[Opening Records supplied section]

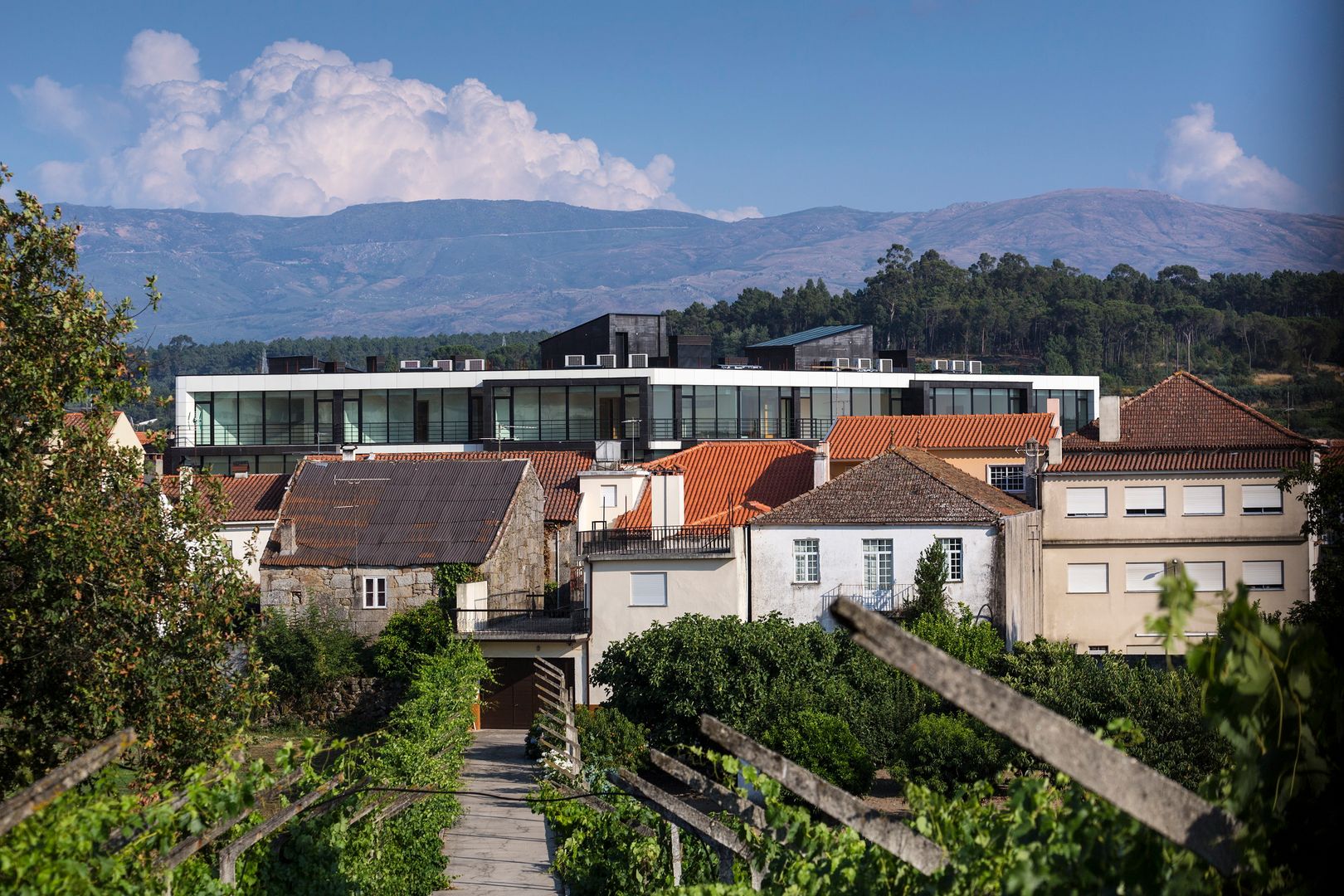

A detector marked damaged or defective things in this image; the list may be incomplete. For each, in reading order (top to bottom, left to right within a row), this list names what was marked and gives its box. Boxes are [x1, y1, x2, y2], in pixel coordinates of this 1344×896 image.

rusty corrugated roof [826, 411, 1055, 458]
rusty corrugated roof [262, 461, 528, 567]
rusty corrugated roof [312, 448, 591, 524]
rusty corrugated roof [614, 438, 813, 528]
rusty corrugated roof [753, 445, 1029, 524]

[Closing Records supplied section]

_Assignment_.
Could you write all the entries out again exactly, but without their pictures?

_Response to this exercise_.
A detector marked damaged or defective things in this image; the list may be incomplete. For each, in reading order (top to bottom, left to right within a row), this list names what was marked and gives its box. Boxes are [x1, y1, x2, y2], in pixel coordinates of this 1344×896 image.

rusty corrugated roof [826, 411, 1055, 458]
rusty corrugated roof [262, 461, 528, 567]
rusty corrugated roof [312, 448, 591, 524]
rusty corrugated roof [614, 438, 813, 528]
rusty corrugated roof [753, 445, 1029, 524]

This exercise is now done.